Soldiers would arrive at the front gradually. After conscription, they were first assigned to designated barracks for assembly, then despatched to one of the battlefields: initially the southern Serbian or eastern Russian fronts, and after 1915 also to the new Italian front. For many, their daily life would be entirely changed upon arrivals at the barracks. However, living conditions at barracks could not even begin to compare to the situation at the front lines. Order, cleanliness, regular meals and the relatively comfortable beds of the barracks would be replaced by constant migrations and sleeping on makeshift beds or even on the hard ground, meals became irregular and it was not uncommon for soldiers to even go hungry. Personal hygiene was unsatisfactory and soldiers were pestered with insects and dirt, often wore completely soaked rags that would often just dry as they were being worn.

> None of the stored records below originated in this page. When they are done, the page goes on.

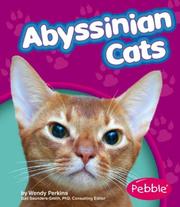 Cover of: Abyssinian Cats by Wendy Perkins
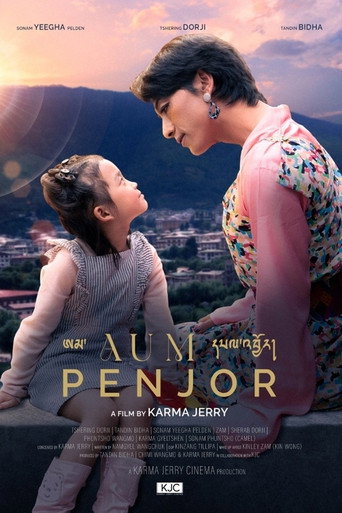 Movie poster for Aum Penjor (2024)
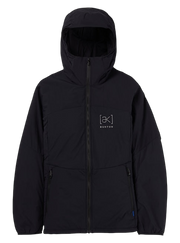 BURTON W [AK] HELIUM HOODED STRETCH INSULATED JACKET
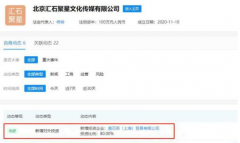 李宇春新成立贸易公司 注册资本1000万元持股79.6%
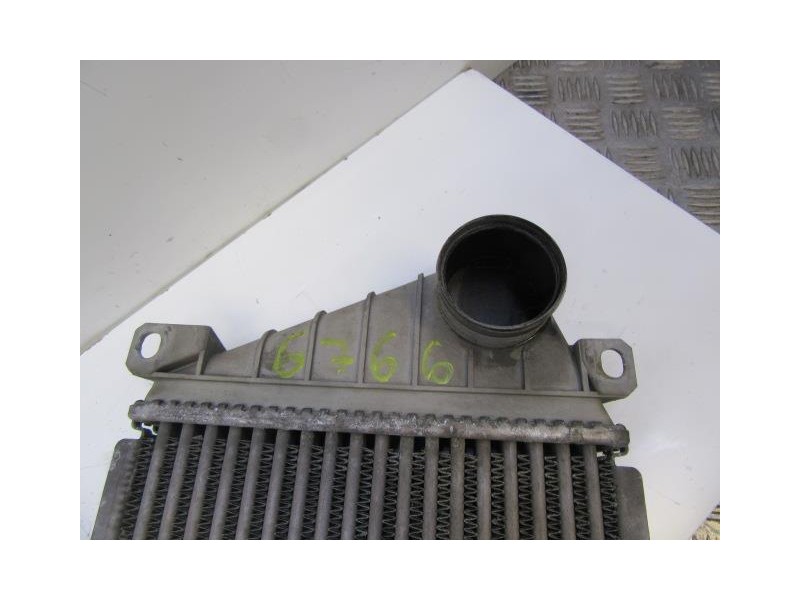 Recambio de radiador intercooler : m. benz sprinter : 2.9 td 412 sprinter(122,36cv) [1999] para m. benz sprinter 2.9 td 412 spri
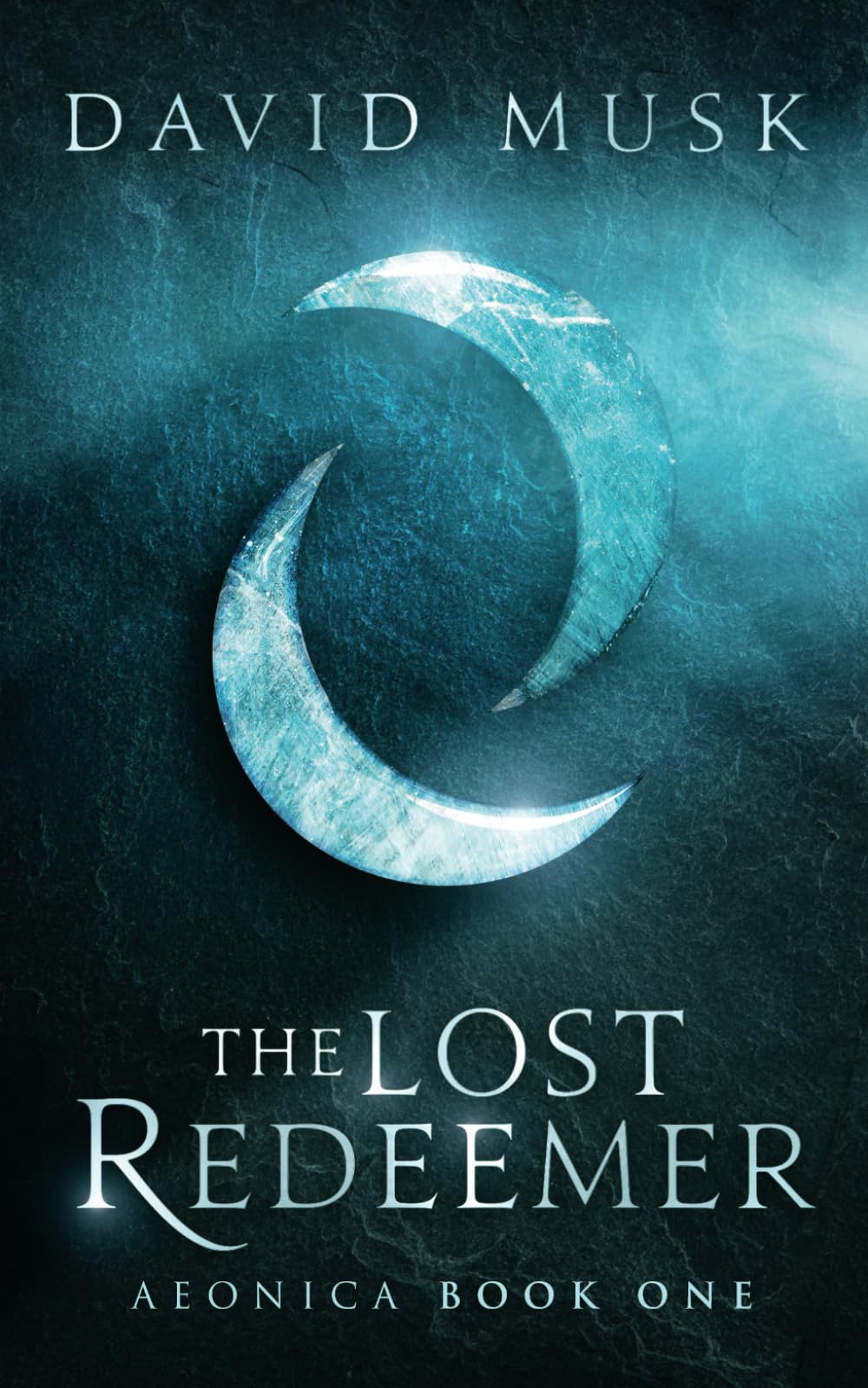 The Lost Redeemer: A Progression Fantasy Epic (Aeonica)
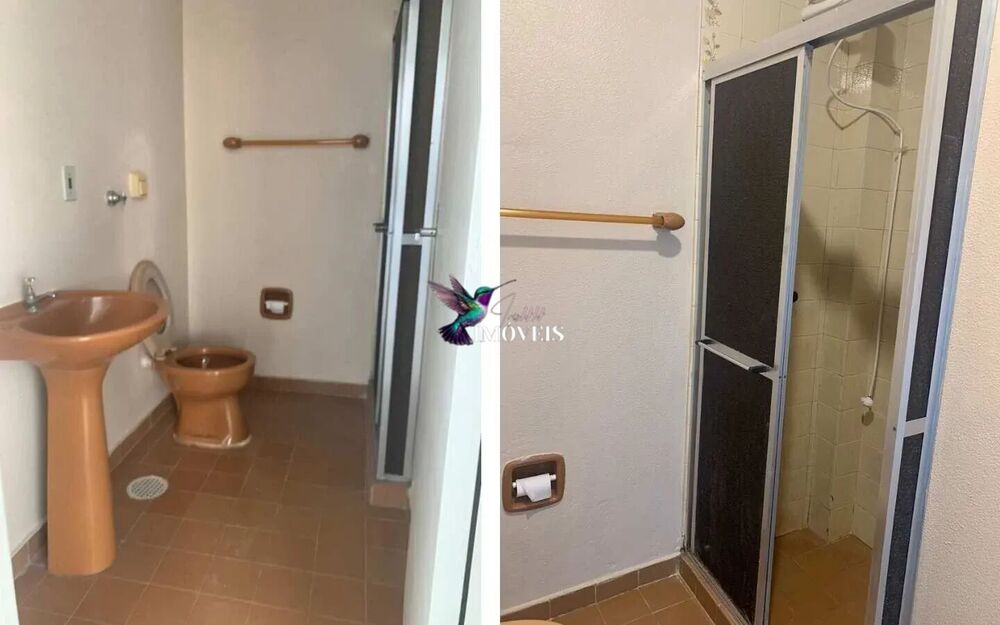Apartamento à venda com 2 quartos, 59m² - Foto 4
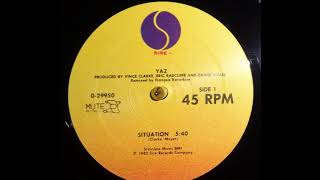 Situation (12" Version) - Yaz / Yazoo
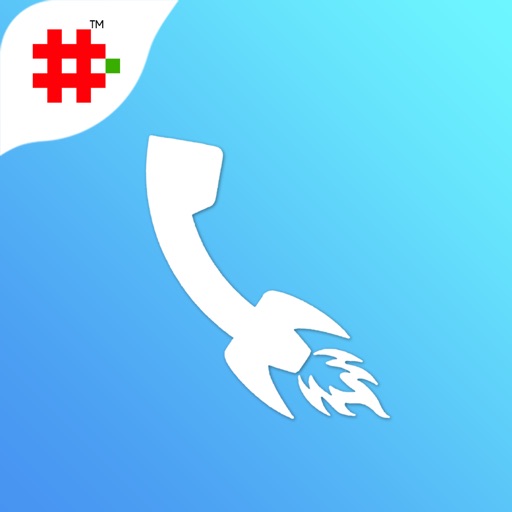 Speed Dial - Smart T9 Dialer Icon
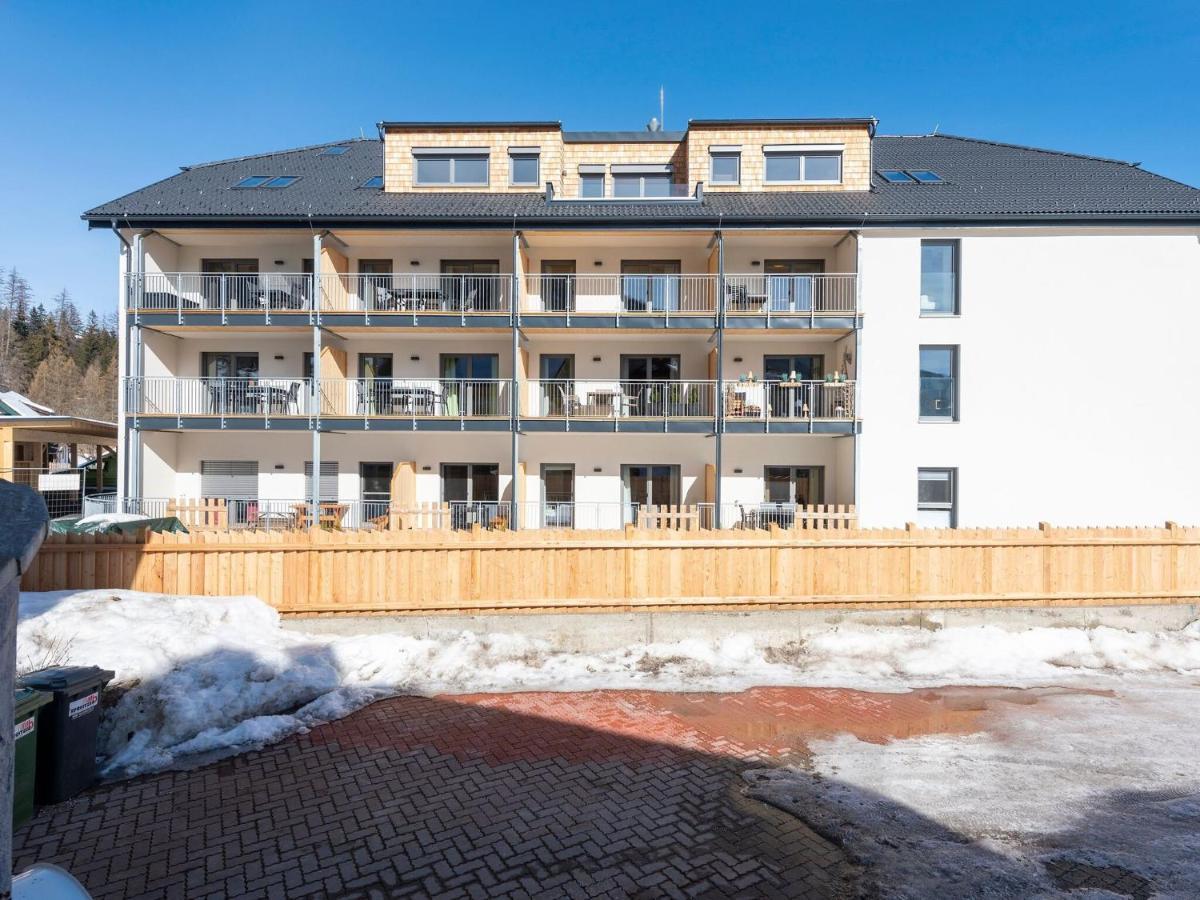 Apartment With Ski Bus On The Doorstep Mauterndorf  Exteriör bild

Of course, living conditions were different from one battlefield to another. Sometimes, entire communities of shanties and other auxiliary facilities would spring up, while at other times, soldiers resided inside caverns and natural caves, and quite often even in lavishly furnished mansions, or churches, schools or barns and private homes forcefully seized from their owners. There was also an enormous contrast between the lodgings of conscripts and officers. The latter, as can be expected, were much better off. Even when conditions became impossible, officers were regularly given or built comfortable homes, and despite the general shortage of food and prevailing hunger, they were always properly fed. Many higher ranking officers were even assigned special personal servants, or Ordonnanz, responsible for taking care of their needs.

Specialised technical units tasked with the construction of roads, housing, ditches and telephone connections was responsible for the organisation and the uninterrupted day-to-day running of front line soldiers’ lives. Individual military units were also assigned mobile canteens, bakeries, laundrettes and field hospitals. A significant portion of soldiers was responsible for the numerous working and draft animals which were used for transporting equipment or to feed the several thousand soldiers. Despite food being scarce during the most intense battles, there was no general shortage during the initial years of the Great War. At certain battlefields, particularly during the summer, the lack of drinking water was considered a much greater problem that drove many a solder to the brink of insanity or severe stomach illnesses. Another headache among soldiers was caused by the general scarcity of tobacco, which was considered the most desirable and anticipated everyday necessity and was, in addition to food and alcohol, handed out to soldiers before important battles.

But what caused soldiers the most problems in general was the lack of cleanliness. After days of living and sleeping on the ground in ditches, where even washing one’s hands was impossible, every person would be filthy and reek. The odour of faeces would mix with the smell of gunpowder, blood and decaying corpses. Soldiers were left with no other option but to grow accustomed to the stench. Despite all the nuisances and endless horrors, the majority of soldiers were unable to become accustomed to lice and other pests, against which was impossible to protect yourself permanently. Furthermore, rats inhabiting ditches and nearby graveyards would invoke fear and terror. The rats would steal food and tear rucksacks and pick meat off the bones of the dead while tormenting the living in their sleep. As a result, cats were sometimes introduced into trenches which at least reduced the numbers of these pests to a degree.